During episodes of devaluation the sufferer will often break up relationships and attempt to move on, often attaching themselves via communication or physically to other people from their past or others that they do not know well or new people, aiming towards intimacy and relationship so as to maintain their devaluation mood and gain feelings of worthiness; in absence of the devaluation mood the sufferer will return to the idealization mood which creates feelings of self judgment, regret and unworthiness as well as feelings of emotional conflict and emptiness battling within themselves whether they should move on or reinstate.
The sufferer has a poor judgment in character of others and will often over socialize with newly found friends and enter into one night stands, casual sex, taking risks with unprotected sex and risky situations with people they barely know to help maintain and keep his/her mood of devaluation so as to avoid real and true emotions and mood of idealization resurfacing.

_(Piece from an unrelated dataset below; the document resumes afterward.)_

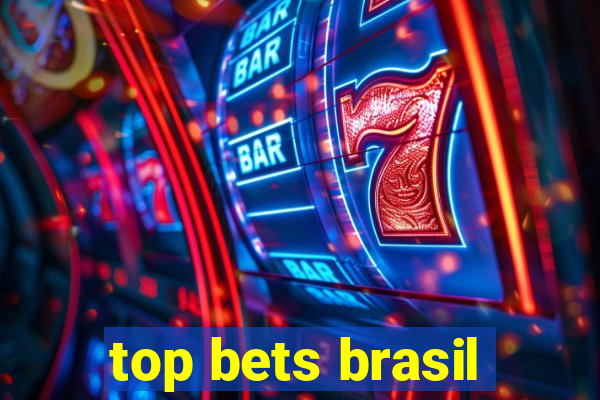 top bets brasil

People with BPD exhibit other impulsive behaviors, such as excessive spending, binge eating, illicit drug intake, excessive alcohol consumption and risky sex, attaching themselves to new and often risky social groups. BPD often occurs together with other psychiatric problems, particularly bipolar disorder, depression, anxiety disorders, substance abuse and other personality disorders.
The sufferer represses much of what conflicts with their devaluation mood and has a selective memory to help him/her cope and move on and maintain devaluation mood and when idealization mood resurfaces it often repressed via seeking attention from others, risky sex, alcohol, binge eating, illicit drugs.
Although the cause of BPD is unknown, both environmental and genetic factors are thought to play a role in predisposing patients to BPD symptoms and traits. Studies show that many, but not all individuals with BPD report a history of abuse, neglect, parental divorce/separation or separation as young children. 40 to 71% of BPD sufferers report having been sexually abused, usually by a non-caregiver. BPD mainly results from a combination of individual vulnerability to environmental stress, neglect or abuse as young children, and a series of events that trigger the onset of the disorder as young adults. Adults with BPD are also considerably more likely to be the victim of violence, including rape and other crimes. This may result from both harmful environments as well as impulsivity and poor judgment in character in others and in choosing wrong/negative partners and lifestyles. Feelings of worthlessness often lead the sufferer towards negative characters.
BPD is difficult to self recognize and often when pointed out to the sufferer they are in denial, to be otherwise would mean to face up to their actions which to the sufferer is extremely difficult. The sufferer becomes dogmatic with their thoughts and actions despite knowing they are not real, illogical, irrational and unjustified.